Up-to-date Information for health care professionals dealing with patients who have ME/CFS.


Cognitive Behaviour Therapy (CBT) and Graded Exercise Therapy (GET)

These commonly recommended treatments are based on the psychosocial model of this illness, which states that patients are simply suffering from the false belief that they have a serious physical disease in which exercise will make them worse. CBT is used to change these beliefs, and GET is used to induce the patient to increase physical activity, which is given as the goal of treatment.

The trial which is used in support of the safety and effectiveness of these treatments is the PACE Trial, first reported in 2011:

http://www.thelancet.com/journals/lancet/article/PIIS0140-6736(11)60096-2/abstract

The design and reported outcomes of this trial are under heavy international criticism at the moment, for example:

http://www.stats.org/pace-research-sparked-patient-rebellion-challenged-medicine/

More importantly, the report of the US Institute of Health, BEYOND MYALGIC ENCEPHALOMYELITIS/CHRONIC FATIGUE SYNDROME, Redefining an Illness,

http://www.ncbi.nlm.nih.gov/pubmed/25695122

is unequivocal that this is not a 'psychogenic' disorder.

This is from page 5:

'The primary message of this report is that ME/CFS is a serious, chronic, complex, and systemic disease that frequently and dramatically limits the activities of affected patients. In its most severe form, this disease can consume the lives of those whom it afflicts.
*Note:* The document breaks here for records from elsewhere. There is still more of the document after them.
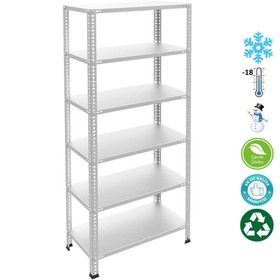 Resim RafBurada 6 Katlı Duble Paslanmaz Krom Raf - Inox Soğuk Oda Rafı, Buzhane Rafı 59x93 cm-200 cm-1.00 mm 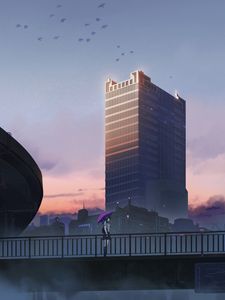 Превью обои город, девушка, зонт, мост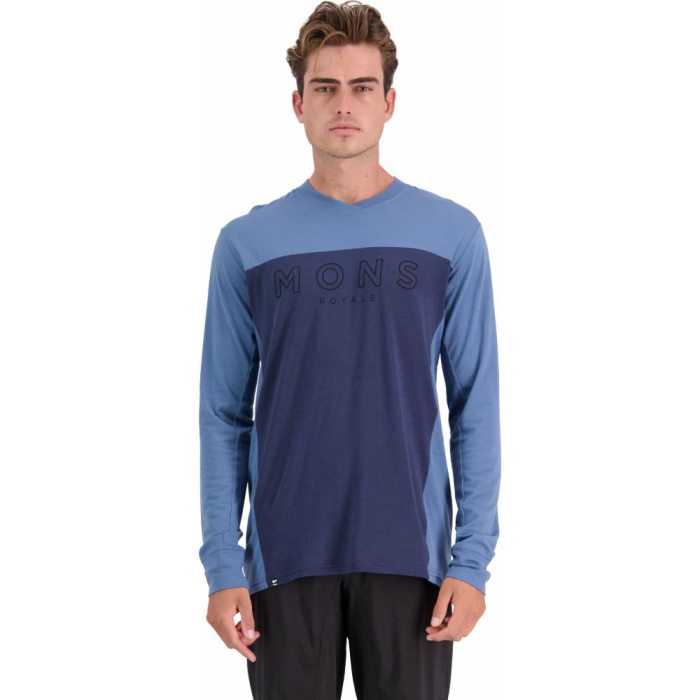 JERSEY MERINO MTB ENDURO HIKING MONS ROYALE BLUE [2]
It is “real.” It is not appropriate to dismiss these patients by saying, “I am chronically fatigued, too.”'

At the end of page 2 and the beginning of page 3, the report refers to 'the misconception that it is a psychogenic illness or even a figment of the patient's imagination'. A few lines further down in the same paragraph, it refers to 'delays in diagnosis or to misdiagnosis of a psychological problem.'

At the end of that paragraph the last sentence refers to doctors 'who often subject them to treatment strategies that exacerbate their symptoms.'. (This is undoubtedly a reference to CBT and GET.)

The beginning of the next paragraph refers to 'significant impairment and disability'

These quotations make clear that the committee confirm that this is a seriously disabling disease, not a psychiatric disorder.

Furthermore:

The last sentence before Recommendation 4:

'"Systemic exertion intolerance” captures the fact that exertion of any sort—physical, cognitive, emotional—can adversely affect these patients in many organ systems and in many aspects of their lives. The committee intends for this name to convey the complexity and severity of this disorder.'

'Recommendation 4: The committee recommends that this disorder be renamed “systemic exertion intolerance disease” (SEID). SEID should replace myalgic encephalomyelitis/chronic fatigue syndrome for patients who meet the criteria set forth in this report.'

These are on Page 11 of the Summary. and are set out on pp 227-8.

Note that 'exertion of any sort....may adversely affect these patients in many organ systems.'. This is a clear statement that the imposition of any form of exertion can do extensive, multisystem damage.

The Report thus affirms that theoretical basis of CBT is false, and that GET is a treatment which can cause systemic damage. This supports the information provided by the majority of patients, that following a program of increasing exertion when mildly or moderately ill has resulted, sometimes after a brief period of apparent improvement, in a severe and long- lasting worsening of their illness, permanent total disability and intractable pain.

This would suggest that the original treatment recommendations,, for complete rest from the inception, followed by a lifestyle adapted to the conservation of exertion would be more likely to result in improvement.